Dünden bugüne değişen bir şey yok. İbretlik bir durumla karşı karşıyayız.. İsrail’e, ABD’ye, İngiltere’ye, Fransa’ya seslerini çıkarmıyorlar. Bu vesile ile kim kimdir, gerçeği görmek isteyenler için tarihi bir fırsat doğmuş durumda.
Biz Arap ülkelerinin halklarının bizimle birlikte olduğunu biliyoruz.
Bugün İdlib’de bir sorunla karşı karşıyayız. Kış ortasında yüzbinlerce insan Türkiye sınırına akın edebilir.
Bakın, Türkiye Libya’ya, BM’nin tanıdığı hükümete destek için asker ve silah gönderme kararı alınca bir anda toplandılar ve ateşkes kararı aldılar. Çünkü Libya’dan İtalya üzerinden Avrupa’ya bir göç dalgası gelebilir.
Peki Suriye konusunda niye böyle bir hassasiyet yok!

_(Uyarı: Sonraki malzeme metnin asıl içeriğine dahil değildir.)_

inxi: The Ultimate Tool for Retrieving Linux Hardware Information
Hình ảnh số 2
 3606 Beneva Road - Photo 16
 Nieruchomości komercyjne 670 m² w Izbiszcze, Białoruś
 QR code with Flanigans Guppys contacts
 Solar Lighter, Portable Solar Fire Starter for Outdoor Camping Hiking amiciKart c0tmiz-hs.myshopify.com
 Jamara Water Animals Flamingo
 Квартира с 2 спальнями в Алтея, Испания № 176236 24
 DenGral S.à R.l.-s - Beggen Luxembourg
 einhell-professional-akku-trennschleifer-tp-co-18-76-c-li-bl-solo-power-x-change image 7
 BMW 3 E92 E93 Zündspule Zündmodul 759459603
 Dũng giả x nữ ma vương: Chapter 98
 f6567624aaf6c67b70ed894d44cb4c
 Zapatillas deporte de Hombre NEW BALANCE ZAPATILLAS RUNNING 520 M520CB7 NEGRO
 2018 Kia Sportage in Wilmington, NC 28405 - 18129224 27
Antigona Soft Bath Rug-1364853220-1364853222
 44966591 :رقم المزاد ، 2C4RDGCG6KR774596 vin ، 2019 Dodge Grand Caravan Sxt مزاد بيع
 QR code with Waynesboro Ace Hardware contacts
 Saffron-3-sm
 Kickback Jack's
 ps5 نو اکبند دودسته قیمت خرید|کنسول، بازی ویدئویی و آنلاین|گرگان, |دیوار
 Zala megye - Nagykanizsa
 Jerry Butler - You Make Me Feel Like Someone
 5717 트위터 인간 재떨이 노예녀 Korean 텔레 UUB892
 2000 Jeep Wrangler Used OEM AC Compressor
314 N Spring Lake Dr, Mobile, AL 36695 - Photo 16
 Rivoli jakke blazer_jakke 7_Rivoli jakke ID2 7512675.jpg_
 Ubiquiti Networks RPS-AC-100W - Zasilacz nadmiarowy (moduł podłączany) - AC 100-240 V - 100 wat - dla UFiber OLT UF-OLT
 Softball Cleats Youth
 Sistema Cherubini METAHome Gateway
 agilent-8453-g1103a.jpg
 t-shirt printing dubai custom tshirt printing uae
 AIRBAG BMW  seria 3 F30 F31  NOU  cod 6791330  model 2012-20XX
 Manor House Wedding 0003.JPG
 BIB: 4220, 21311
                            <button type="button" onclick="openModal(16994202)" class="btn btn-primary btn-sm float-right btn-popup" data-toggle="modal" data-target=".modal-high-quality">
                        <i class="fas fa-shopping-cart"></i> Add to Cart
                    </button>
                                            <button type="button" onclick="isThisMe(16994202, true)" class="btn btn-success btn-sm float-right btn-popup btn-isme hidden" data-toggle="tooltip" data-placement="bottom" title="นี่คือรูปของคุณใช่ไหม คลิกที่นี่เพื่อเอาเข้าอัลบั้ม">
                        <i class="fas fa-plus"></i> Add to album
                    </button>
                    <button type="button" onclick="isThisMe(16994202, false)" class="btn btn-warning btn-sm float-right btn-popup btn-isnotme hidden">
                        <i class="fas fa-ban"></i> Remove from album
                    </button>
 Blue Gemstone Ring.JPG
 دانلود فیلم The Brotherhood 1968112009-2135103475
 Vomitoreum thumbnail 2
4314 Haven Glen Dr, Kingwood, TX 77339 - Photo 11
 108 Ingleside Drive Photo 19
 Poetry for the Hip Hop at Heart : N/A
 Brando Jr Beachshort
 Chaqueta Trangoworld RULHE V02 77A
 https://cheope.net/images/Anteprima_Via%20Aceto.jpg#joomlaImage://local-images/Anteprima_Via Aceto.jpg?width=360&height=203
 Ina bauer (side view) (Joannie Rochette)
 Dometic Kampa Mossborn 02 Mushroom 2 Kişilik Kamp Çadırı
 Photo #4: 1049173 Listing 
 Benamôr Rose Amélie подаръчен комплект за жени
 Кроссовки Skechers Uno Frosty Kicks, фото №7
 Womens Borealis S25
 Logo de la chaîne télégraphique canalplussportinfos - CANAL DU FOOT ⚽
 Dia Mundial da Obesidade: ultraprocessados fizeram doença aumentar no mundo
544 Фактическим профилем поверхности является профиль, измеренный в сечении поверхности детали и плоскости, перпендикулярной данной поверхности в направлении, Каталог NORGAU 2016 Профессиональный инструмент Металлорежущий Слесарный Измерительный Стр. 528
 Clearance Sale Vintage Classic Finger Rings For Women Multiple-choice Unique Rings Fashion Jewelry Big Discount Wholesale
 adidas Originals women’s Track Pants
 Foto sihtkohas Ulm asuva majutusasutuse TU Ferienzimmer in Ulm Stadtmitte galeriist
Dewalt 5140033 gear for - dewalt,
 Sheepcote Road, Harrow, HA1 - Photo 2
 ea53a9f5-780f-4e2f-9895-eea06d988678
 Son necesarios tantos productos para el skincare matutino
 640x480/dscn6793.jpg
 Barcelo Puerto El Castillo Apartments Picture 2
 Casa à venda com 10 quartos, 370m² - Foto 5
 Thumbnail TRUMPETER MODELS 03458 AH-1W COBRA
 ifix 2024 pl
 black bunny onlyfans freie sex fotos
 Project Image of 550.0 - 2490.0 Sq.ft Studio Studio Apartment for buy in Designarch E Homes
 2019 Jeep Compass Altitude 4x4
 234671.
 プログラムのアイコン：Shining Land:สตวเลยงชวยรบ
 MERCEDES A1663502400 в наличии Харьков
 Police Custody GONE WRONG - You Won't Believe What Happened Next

Bugün iki düzineye yakın Arap ülkesi var. Din bir, dil bir, tarih bir, kültür bir, coğrafya bir. Ama kendileri birlik değil. Çok büyük bir kısmının kendi halkı ile sorunları var. Kimi emir, kimi sultan, kimi kırallıkla yönetiliyorlar. Bu ülkelerin sınırları, rejimleri ve iktidarları İngiliz ve Fransız işgal kuvvetleri tarafından çizildi. 100 yıl önce biz tek devlettik. Ama tek gerçek bu değil. Bunların sınır, rejim ve iktidar yapılarını kim belirledi?. Belirleyenler belli, Osmanlıya karşı işgal güçleri ile işbirliği yapan Arap aşiretlerine devlet armağan etmek isteyen işgal kuvvetleri idi onlar. Çölde, çadırlarda, cetvelle sınırlar çizildi.
İşin ilginç yanı, Arap ülkeleri, yaşadıkları topraklarda ABD ve İsrail’in desteğinde yeni birtakım devletler oluşturma planına da destek veriyorlar. Yeter ki kendilerine dokunulmasın ve ötekiler de ne olursa olsun.
ABD’nin BOP planı çerçevesinde 22 ülkenin rejim, iktidar ve sınırlarını değiştirmesi planından habersiz görünüyorlar. Celladına aşık ya da kasabının bıçağını yalayan koyuna benziyorlar.
“Biz kardeşlerimizin güvenliği için dini ve insani sebeplerle, vijdani sebeplerle, terör saldırılarına karşı meşru müdafa hakkı sebebi ile ve uluslararası sözleşmeden doğan vesayet ve garantörlük haklarımızla bölgedeyiz” diyoruz ama işbirlikçilerin ya da siyasi baronların umurunda değil bu!.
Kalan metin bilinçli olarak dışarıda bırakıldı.